• TASK REQUIREMENTS
Leave out pictures; repeat exactly the lines from the "Laughing talking man" line through the last of the data below.

• SOURCE DATA
::::
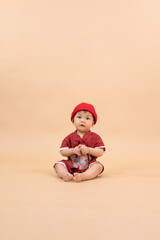 A little boy wearing a bright red Asian national costume against a cream background.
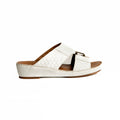 White sandal with brown sole on a white background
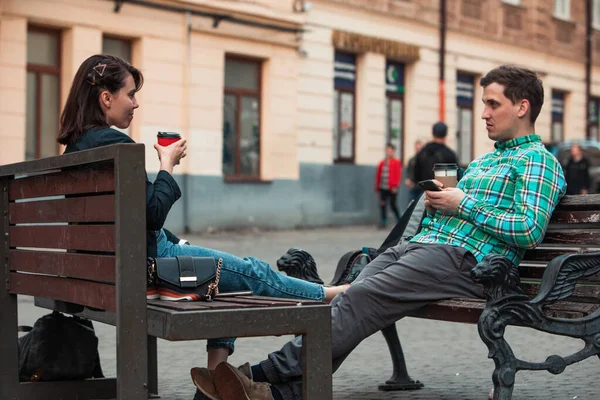 Laughing talking man with woman sitting on bench drinking coffee surfing in internet. urban lifestyle — Stock Photo, Image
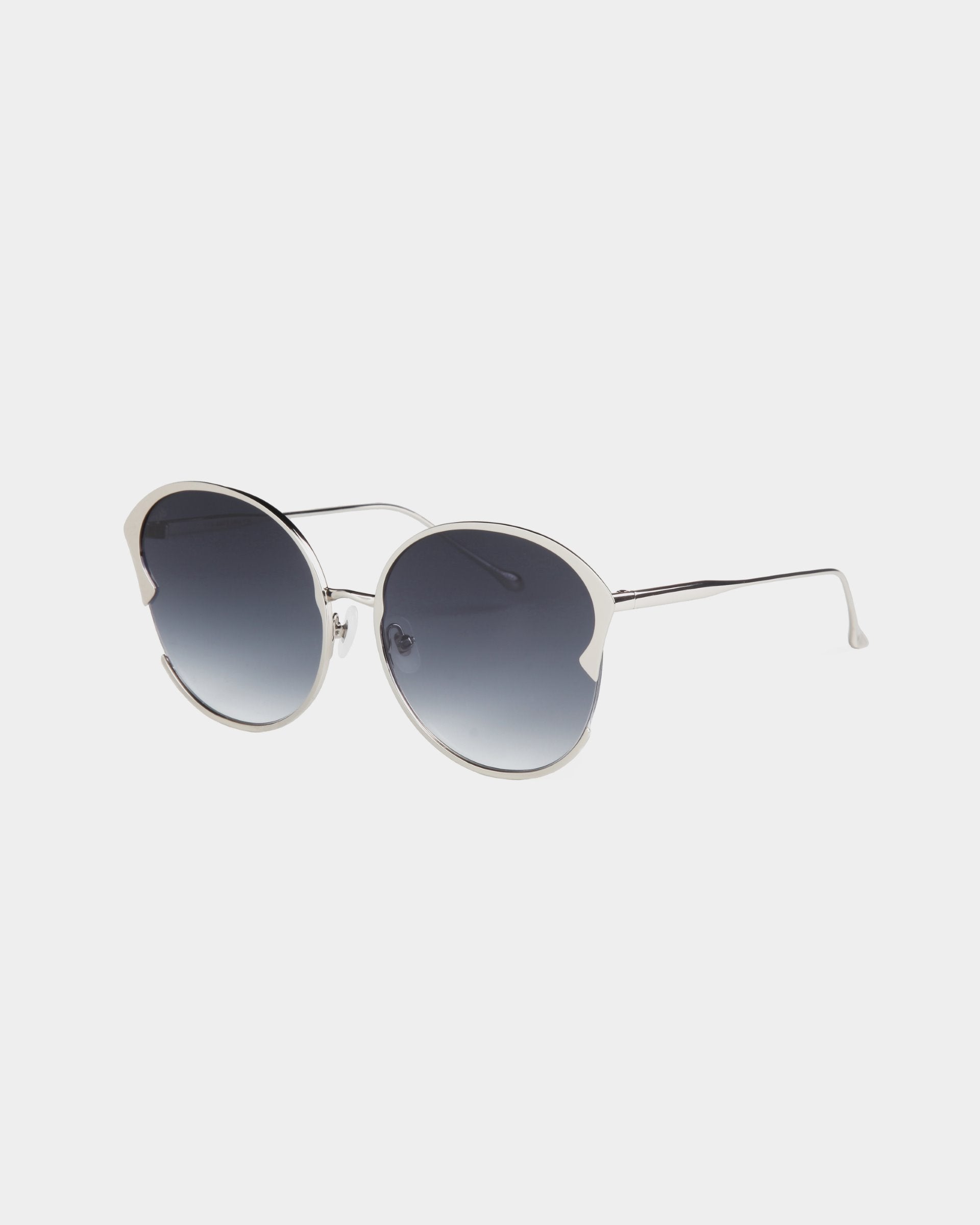 A pair of stylish round Alectrona sunglasses by For Art&#39;s Sake® with silver frames and dark gradient, shatter-resistant lenses. The temples are thin and metallic with a slight curve at the ends. The design includes adjustable jade nose pads and a unique cut-out detail at the top corners of the lenses.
::::
• ANSWER SPACE
 Laughing talking man with woman sitting on bench drinking coffee surfing in internet. urban lifestyle — Stock Photo, Image
 A pair of stylish round Alectrona sunglasses by For Art&#39;s Sake® with silver frames and dark gradient, shatter-resistant lenses. The temples are thin and metallic with a slight curve at the ends. The design includes adjustable jade nose pads and a unique cut-out detail at the top corners of the lenses.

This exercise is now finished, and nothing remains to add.